# STORED DATA
>>>>>
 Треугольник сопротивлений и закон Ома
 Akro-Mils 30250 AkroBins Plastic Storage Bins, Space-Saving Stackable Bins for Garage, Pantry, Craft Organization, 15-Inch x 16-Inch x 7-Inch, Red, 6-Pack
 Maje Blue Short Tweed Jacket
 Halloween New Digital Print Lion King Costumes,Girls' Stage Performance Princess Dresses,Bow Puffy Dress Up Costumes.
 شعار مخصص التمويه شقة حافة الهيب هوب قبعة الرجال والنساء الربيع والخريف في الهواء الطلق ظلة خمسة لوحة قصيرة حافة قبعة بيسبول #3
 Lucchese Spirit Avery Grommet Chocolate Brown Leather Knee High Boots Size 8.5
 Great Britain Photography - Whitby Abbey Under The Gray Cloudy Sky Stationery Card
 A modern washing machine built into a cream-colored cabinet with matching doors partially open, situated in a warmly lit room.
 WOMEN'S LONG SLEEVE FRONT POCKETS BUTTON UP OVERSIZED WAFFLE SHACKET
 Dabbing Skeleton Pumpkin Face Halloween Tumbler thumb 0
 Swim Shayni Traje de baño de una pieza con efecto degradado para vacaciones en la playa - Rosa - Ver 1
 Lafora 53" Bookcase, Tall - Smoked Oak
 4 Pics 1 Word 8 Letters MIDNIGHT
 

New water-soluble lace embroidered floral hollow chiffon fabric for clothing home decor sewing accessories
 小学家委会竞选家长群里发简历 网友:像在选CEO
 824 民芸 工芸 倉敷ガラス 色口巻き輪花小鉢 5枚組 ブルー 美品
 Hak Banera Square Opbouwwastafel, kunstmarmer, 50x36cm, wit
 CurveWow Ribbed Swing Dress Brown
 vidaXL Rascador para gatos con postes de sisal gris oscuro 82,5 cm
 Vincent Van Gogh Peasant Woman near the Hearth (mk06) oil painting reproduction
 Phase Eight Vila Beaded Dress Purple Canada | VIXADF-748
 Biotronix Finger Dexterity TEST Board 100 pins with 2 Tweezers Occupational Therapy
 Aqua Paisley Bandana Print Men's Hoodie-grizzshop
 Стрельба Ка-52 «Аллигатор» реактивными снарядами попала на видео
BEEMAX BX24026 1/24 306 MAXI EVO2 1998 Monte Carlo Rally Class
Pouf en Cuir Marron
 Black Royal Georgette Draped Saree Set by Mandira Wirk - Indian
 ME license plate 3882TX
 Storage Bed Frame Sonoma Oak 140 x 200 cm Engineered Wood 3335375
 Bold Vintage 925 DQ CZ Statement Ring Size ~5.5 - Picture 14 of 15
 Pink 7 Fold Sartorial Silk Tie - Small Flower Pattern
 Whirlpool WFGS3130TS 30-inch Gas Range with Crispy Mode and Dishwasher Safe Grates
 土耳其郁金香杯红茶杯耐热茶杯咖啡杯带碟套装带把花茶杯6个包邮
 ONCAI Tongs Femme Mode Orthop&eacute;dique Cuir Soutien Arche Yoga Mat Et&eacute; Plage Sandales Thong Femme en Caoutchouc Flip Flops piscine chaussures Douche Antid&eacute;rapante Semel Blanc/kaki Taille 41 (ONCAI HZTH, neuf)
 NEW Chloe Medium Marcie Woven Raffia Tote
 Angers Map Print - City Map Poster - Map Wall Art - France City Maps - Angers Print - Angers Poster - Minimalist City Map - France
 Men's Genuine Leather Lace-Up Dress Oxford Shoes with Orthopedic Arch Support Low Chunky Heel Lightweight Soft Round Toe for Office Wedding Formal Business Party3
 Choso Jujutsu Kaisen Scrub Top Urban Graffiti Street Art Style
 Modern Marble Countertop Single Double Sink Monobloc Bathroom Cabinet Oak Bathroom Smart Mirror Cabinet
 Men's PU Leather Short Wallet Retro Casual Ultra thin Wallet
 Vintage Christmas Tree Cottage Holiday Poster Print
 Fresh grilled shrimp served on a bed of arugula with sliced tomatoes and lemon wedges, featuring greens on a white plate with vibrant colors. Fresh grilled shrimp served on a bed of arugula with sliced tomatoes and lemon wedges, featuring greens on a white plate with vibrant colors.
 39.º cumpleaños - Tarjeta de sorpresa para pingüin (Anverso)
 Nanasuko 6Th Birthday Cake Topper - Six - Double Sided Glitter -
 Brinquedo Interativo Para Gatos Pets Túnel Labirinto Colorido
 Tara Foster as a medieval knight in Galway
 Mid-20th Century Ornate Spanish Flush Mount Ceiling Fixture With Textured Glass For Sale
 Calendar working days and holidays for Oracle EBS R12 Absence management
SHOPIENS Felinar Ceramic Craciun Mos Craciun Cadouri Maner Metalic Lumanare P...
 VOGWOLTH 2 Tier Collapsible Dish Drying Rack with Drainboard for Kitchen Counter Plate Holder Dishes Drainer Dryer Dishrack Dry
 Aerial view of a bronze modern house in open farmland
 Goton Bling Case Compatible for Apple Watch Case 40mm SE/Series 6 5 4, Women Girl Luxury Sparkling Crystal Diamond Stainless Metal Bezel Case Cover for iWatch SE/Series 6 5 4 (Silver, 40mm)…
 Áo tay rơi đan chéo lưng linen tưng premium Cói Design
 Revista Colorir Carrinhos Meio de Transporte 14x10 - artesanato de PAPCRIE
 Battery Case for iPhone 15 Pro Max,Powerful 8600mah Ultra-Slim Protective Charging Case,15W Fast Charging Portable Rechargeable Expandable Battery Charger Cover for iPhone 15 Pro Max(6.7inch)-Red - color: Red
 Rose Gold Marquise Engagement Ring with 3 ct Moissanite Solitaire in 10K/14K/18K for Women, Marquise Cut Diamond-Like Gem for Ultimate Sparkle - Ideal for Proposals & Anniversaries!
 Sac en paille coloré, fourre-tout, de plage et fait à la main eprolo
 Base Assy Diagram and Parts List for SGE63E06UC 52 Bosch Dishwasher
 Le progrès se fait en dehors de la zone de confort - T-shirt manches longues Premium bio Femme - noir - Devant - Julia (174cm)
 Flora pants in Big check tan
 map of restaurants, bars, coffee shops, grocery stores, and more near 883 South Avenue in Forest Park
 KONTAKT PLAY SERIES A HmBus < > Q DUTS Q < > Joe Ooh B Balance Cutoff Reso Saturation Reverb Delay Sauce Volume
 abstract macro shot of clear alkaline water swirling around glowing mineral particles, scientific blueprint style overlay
<<<<<
# WHAT YOU HAVE TO DO
Your answer should be the lines of the listing above between the line holding "Phase Eight Vila" and the line holding "土耳其郁金香杯红茶杯耐热茶杯咖啡杯带碟套装带把花茶杯6个包邮", inclusive, restated word for word and alone.

# SOLUTION FOR THIS PROBLEM
 Phase Eight Vila Beaded Dress Purple Canada | VIXADF-748
 Biotronix Finger Dexterity TEST Board 100 pins with 2 Tweezers Occupational Therapy
 Aqua Paisley Bandana Print Men's Hoodie-grizzshop
 Стрельба Ка-52 «Аллигатор» реактивными снарядами попала на видео
BEEMAX BX24026 1/24 306 MAXI EVO2 1998 Monte Carlo Rally Class
Pouf en Cuir Marron
 Black Royal Georgette Draped Saree Set by Mandira Wirk - Indian
 ME license plate 3882TX
 Storage Bed Frame Sonoma Oak 140 x 200 cm Engineered Wood 3335375
 Bold Vintage 925 DQ CZ Statement Ring Size ~5.5 - Picture 14 of 15
 Pink 7 Fold Sartorial Silk Tie - Small Flower Pattern
 Whirlpool WFGS3130TS 30-inch Gas Range with Crispy Mode and Dishwasher Safe Grates
 土耳其郁金香杯红茶杯耐热茶杯咖啡杯带碟套装带把花茶杯6个包邮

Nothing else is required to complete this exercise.